Last night at agility basic class Obie decided to leave the course and me and go visit the dogs at the sidelines. The Duck Toller said, “Get out of here!” So he left. The Aussie’s people blocked him, so after a couple of hopeful dodges he left, but the Boxer … well he smelled real good and after some initial complaint didn’t seem to mind being smelled. That’s where I caught up and escorted Obie back to the course. We started one jump later so we didn’t have to look at the Boxer and that was fine that time.
Then we waited for our turn again and came up with a slightly different problem, but it ended at the Boxer again. And with slightly different variations we continued, sometimes with a great run, sometimes just at the Boxer.
I asked the Boxer’s person to block my dog, because he was having too much fun sniffing the Boxer. She made a slight attempt. Finally the Trainer came and stood in the way – problem slightly solved, at least for that rendition.
I’m a trainer, why did I have so much trouble figuring out I needed to change the set up for Obie? Which is funny because I predicted from the outset the draw of the dogs was a difficulty – he is very charmed by new dogs.
In this place I’m a student and so I’ve given up much of my training control, which makes me susceptible to following directions and cooperating even if on my own I would have changed things up. Also I wanted it to work and it did part of the time. Also I’m hesitant to give other students direction, because it isn’t my class. Also I know this class is more ‘reactive’ based than ‘proactive,’ but I still tend to cooperate. Urrgh!
Sometimes I think I need reminders like this to be more ready to take control of the situation when I’m acting as a student … of course the new piece of equipment we had just been introduced to was at the beginning of the run (so move that Boxer or block him).
Back to the real problem – dog leaving work. Obie likes food, likes tug, likes agility, but loves greeting new dogs, loves intense smells … and that’s a real problem. With the issues he’s had being noisy and upset being left in kennels (crates and outside runs) I put lots of value, games, food into his crate and kennel. I haven’t put as much into being with me (‘cuz he’s not my dog partially), but this whole thing of him leaving work is a big deal.

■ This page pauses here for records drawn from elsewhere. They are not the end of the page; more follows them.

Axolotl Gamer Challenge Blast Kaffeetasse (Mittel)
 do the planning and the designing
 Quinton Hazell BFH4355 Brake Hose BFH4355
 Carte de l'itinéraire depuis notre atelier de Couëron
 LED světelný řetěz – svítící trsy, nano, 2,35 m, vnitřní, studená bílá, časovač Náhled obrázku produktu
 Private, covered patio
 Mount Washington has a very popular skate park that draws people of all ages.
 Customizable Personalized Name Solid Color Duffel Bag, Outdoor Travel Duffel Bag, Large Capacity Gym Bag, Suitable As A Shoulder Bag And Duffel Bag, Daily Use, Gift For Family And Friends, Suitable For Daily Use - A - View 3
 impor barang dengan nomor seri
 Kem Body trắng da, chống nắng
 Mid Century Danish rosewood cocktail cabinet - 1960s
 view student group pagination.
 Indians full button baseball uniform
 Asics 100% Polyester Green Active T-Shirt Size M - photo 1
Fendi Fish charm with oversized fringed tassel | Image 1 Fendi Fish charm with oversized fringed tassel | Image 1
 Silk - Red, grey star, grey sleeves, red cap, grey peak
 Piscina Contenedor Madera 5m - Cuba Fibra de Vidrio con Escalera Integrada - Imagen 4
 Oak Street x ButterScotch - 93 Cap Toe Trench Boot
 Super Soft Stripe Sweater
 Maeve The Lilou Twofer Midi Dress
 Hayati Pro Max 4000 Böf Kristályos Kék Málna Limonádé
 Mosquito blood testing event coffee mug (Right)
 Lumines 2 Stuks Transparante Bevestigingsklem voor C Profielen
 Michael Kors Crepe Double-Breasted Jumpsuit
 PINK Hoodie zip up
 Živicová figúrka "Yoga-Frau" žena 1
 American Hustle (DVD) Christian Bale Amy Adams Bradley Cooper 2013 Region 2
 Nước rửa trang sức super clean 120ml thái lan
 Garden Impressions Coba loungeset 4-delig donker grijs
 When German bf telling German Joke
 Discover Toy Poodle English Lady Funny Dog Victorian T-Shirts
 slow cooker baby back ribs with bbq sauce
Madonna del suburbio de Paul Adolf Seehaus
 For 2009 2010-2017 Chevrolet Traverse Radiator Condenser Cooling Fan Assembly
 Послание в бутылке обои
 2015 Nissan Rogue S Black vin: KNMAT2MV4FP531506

Plan: 1) Hand feed at least 50% of his meals with the majority of the hand feeding training being rewarded for returns to me in distracting environments (simple recalls are a no brain-er for him). We started out this morning with a loaded food cube (a game he plays vigorously) and me calling him away from it each second or third hit, clicking and rewarding and releasing him to ‘get it’ again.
2) Upgrade his delight in tug to ‘love it everywhere.’ He’s great in low distraction settings, but he’s not willing to commit to really playing if there are unknown dogs in sight … need to work up to that. We’ll start going to the park and see how far from the walking path we have to be to still play. Also go to the parking lot at the grocery or hardware store and see if we can play tug wholeheartedly.
3) Bring Jazzie down to the cover all and have turns doing some obstacles. Jazzie won’t tolerate irritating sniffing by Obie so there will not be a reward for him. Plus it will be good for Jazz to have to wait her turn.
Sometimes it takes a massive fail to trigger a plan. We’ve got a week of three times or more trainings until next class – wish us luck! Or a strategically placed Duck Toller.